Developer Raps Linux Security
Brad Spengler of grsecurity characterized the Linux Security Model, or LSM, as merely a way to allow the National Security Agency's SELinux to be used as a module. "The framework is unfit for any security system that does anything remotely innovative, such as grsecurity and RSBAC [Rule Set-Based Access Control]," he declared.
Jan 11, 2005 8:35 AM PT
A developer of security software for Linux had some harsh words yesterday for what he sees as a lax attitude toward security in the operating system's community.
"Linux is being presented by commercial vendors as a professional, enterprise-ready product," Brad Spengler, of grsecurity, said. "When it comes to security, I don't see it as either professional or enterprise-ready."
Spengler has gained notoriety recently through articles posted on the Web criticizing Linux security in general and in particular the Linux Security Module (LSM).
Speed Trumps Security
According to the programmer, Linux kernel developers don't take security seriously. "Linus [Torvalds] has told me personally that he is not interested in adding even the option of very useful security features that can help prevent buffer overflow exploitation because using some of these features would make applications load a small fraction slower," Spengler said.

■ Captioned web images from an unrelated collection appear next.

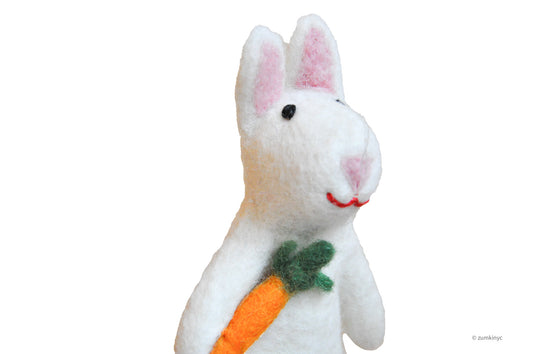 White Rabbit with Carrot Felt Wool Finger Puppet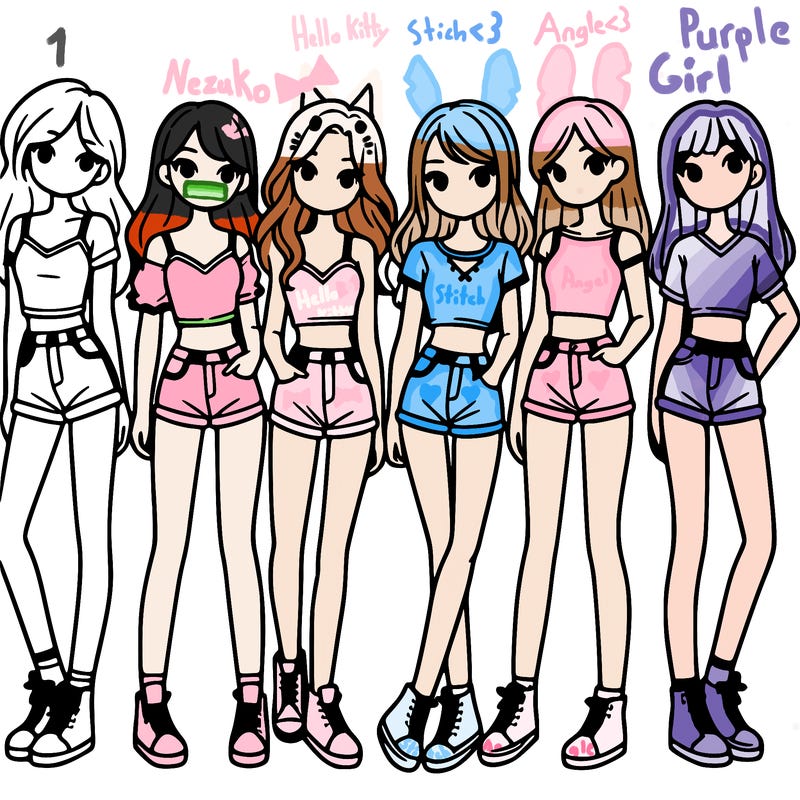 a group of girls wearing crop tops and shorts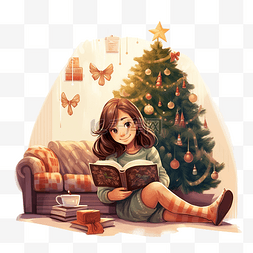 看书树图片_这个女孩正躺在沙发上看书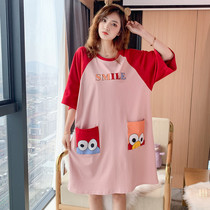 Sleeping Dress Lady Spring Summer Season Pure Cotton Slim short sleeves Increase Code Fat mm200 Loose Pregnant pregnant womans pyjamas can be worn outside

His frustration that performance is often given priority over security is one shared by many security professionals in all areas of IT, not just the Linux realm.

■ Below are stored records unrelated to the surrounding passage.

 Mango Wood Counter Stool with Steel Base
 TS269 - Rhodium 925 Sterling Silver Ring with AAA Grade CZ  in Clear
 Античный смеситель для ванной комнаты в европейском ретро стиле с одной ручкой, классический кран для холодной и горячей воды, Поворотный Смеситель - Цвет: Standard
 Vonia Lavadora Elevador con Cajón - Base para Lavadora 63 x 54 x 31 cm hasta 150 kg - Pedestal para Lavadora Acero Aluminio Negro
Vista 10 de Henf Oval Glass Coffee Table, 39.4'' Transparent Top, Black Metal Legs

"Given the current trend in IT, performance is always given top priority over security," Vincent Danen, security update manager for Mandrakesoft in Edmonton, Alberta, Canada, said. "I also think that in a number of cases, features are given priority over security. This isn't something specific to Linux. You see this everywhere."
Spengler also groused about the absence of an official security officer for the Linux kernel to whom communication could be directed privately and securely.
"What we are told to do currently is to e-mail vendor-sec, which is a large list of people involved with vendors that will handle security issues," he explained. "However, they cannot be trusted (just recently the uselib() exploit was leaked or stolen from vendor-sec) and they cannot be communicated with securely (they have no PGP key)," he told LinuxInsider via e-mail.
Blackhats Dance, Vendors Fiddle
While "blackhats" exploit stolen information from vendor-sec, vendors on the list sit on the vulnerabilities, he asserted. "What results is that the vulnerabilities are being exploited for weeks while Linux users as a whole are unaware that there is a vulnerability," he said.
Mandrakesoft's Danen, a member of vendor-sec, noted that the "leak" referred to by Spengler is still being investigated by the group. "We're thinking it's not necessarily a leak in vendor-sec," he said. "We think someone put a sniffer in front of one of the companies that was dealing with us on one particular vulnerability."
That company isn't part of vendor-sec, he explained, but it would be receiving copies of discussions about the vulnerability since it brought the problem to vendor-sec's attention.
LSM Loose Cannon
Spengler was also critical of LSM, which has been incorporated into version 2.6 of the Linux kernel. He characterized LSM as merely a way to allow the National Security Agency's SELinux to be used as a module. "The framework is unfit for any security system that does anything remotely innovative, such as grsecurity and RSBAC [Rule Set-Based Access Control]," he declared.
He contends that LSM provides many hooks deep into the inner workings of the kernel, which can be used just as easily by a rootkit (a program for hacking the root), or malware, as a legitimate security module. "The hooks LSM provides to rootkit authors were previously very difficult (or impossible) to obtain, so having LSM in the kernel, if unused by a security module that prevents rootkits, will result in new, advanced rootkits that will be nearly impossible to detect," he said.
Danen concurred with Spengler's analysis of LSM. "If I were building a 2.6 kernel, I would be disabling LSM," he said, "which means that I wouldn't be able to take advantage of technologies such as SELinux, but I don't really care. There are other alternatives that are just as good that don't require LSM."
"Some of this comes down to a matter of taste," averred Bill Weinberg, OS Architecture Specialist for Open Source Development Labs in Beaverton, Oregon. "They [grsecurity] have their own architecture that they would like to see in place, and [as] is so common in Open Source, they are critiquing the status quo in the open community, in the marketplace. Sometimes those discussions can become quite vociferous."